The authors propose Bayesian optimization (BO) to select Ueff values that make PBE+U band structures best match a chosen reference (HSE by default). The surrogate objective function f(U) is defined to penalize differences in both band gap and band structure: f(U) = −a1(Eg,HSE − Eg,PBE+U)^2 − a2(ΔBand)^2, where U = [U1, U2, …, Un] are species/orbital-specific Ueff values constrained to [−10, 10] eV. ΔBand is the mean squared error between selected PBE+U and HSE eigenvalues across Nk k-points and No bands; to avoid double counting the gap, both VBM and CBM are shifted to zero in each band structure prior to comparison. Default weights are a1 = 0.25 and a2 = 0.75; sensitivity to these was examined in supplementary information. A Gaussian process (RBF kernel) models f(U), yielding a posterior mean μ(U) and uncertainty σ(U). The upper confidence bound (UCB) acquisition with κ = 1 selects the next U: Un = argmax[μ(U) + κσ(U)]. Iterations continue until a maximum number N is reached (and/or a small change criterion Δf(U) < 0.001), after which the U maximizing f(U) is returned. Computationally, a single HSE calculation generates the reference, while N PBE+U calculations evaluate f(U); BO model updates are negligible compared to DFT costs. VASP with PAW is used throughout; SOC is included for transition metal oxides, Eu chalcogenides, and narrow-gap semiconductors. k-point grids: 8×8×8 for PBE/PBE+U and 6×6×6 for HSE; lattice parameters and cutoffs are in Supplementary Table 1; high-symmetry k-points for band plots are in Supplementary Table 2. For comparison, LR calculations apply small on-site potentials from −0.04 to 0.04 eV in 0.02 eV steps, performing both non-charge-self-consistent and charge-self-consistent calculations to obtain response matrices; a 3×3×3 supercell removes interactions between periodic images. Ueff is then computed from the difference of inverse response matrices.

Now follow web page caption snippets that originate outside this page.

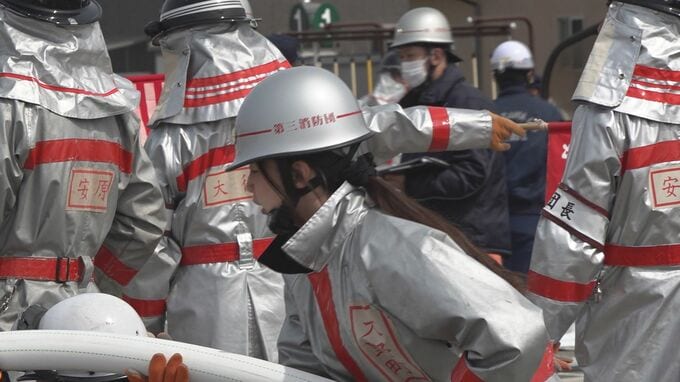 「林野火災を防げ」女性分団員が初の実践消火訓練 22日の石川県内・全域に乾燥注意報 枯草燃え広がる火災相次ぐ|TBS NEWS DIG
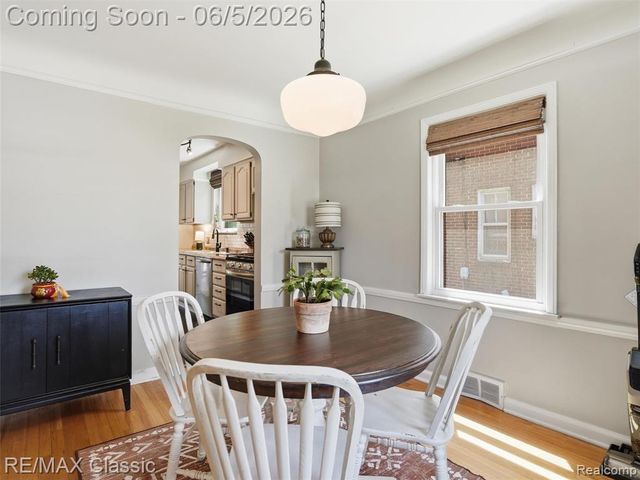 724 N Mildred Street, Dearborn, MI 48128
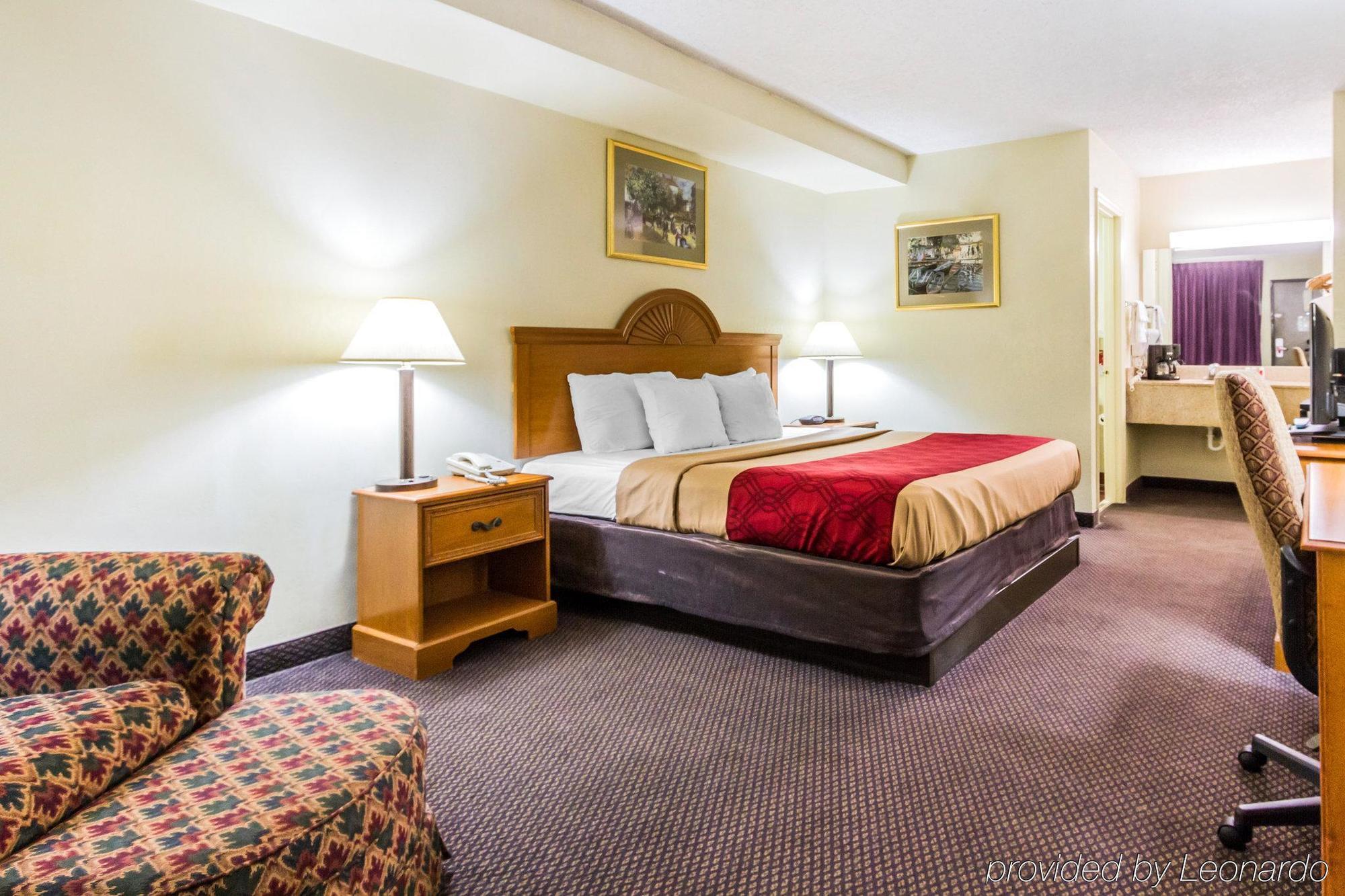 Econo Lodge & Suites Clarksville Exteriör bild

- Transition metal oxide (NiO): PBE underestimates the gap (0.73 eV) versus HSE (4.26 eV; close to experimental 4.0–4.3 eV). BO with one parameter (U^Ni_d) converges in 13 iterations to 6.8 eV, yielding a corrected CBM and a 3.36 eV gap. LR gives U^Ni_d = 5.4 eV, gap 3.20 eV, with CBM incorrectly located between T and K. Two-parameter BO (U^Ni_d, U^O_p) finds U^Ni_d = 5.9 eV and U^O_p = 9.4 eV after 55 iterations, improving the gap to 3.70 eV and objective from −0.37 to −0.11 eV^2; two-parameter LR yields U^O_p = 8.3 eV and a 3.53 eV gap with correct CBM. Efficiency: On equal cores, LR is ~4.5× slower than BO for one parameter and ~8× slower for two parameters.
- Europium chalcogenide (EuTe): PBE predicts metallic behavior; HSE yields an indirect gap of 1.24 eV (VBM at Γ). BO applying U to Eu 4f selects U = 7.1 eV, opening a 0.71 eV gap and reproducing qualitative HSE features. LR gives Ueff = 5.5 eV and a 0.56 eV gap. Efficiency: LR with a 3×3×3 supercell requires ~9× more CPU time than BO.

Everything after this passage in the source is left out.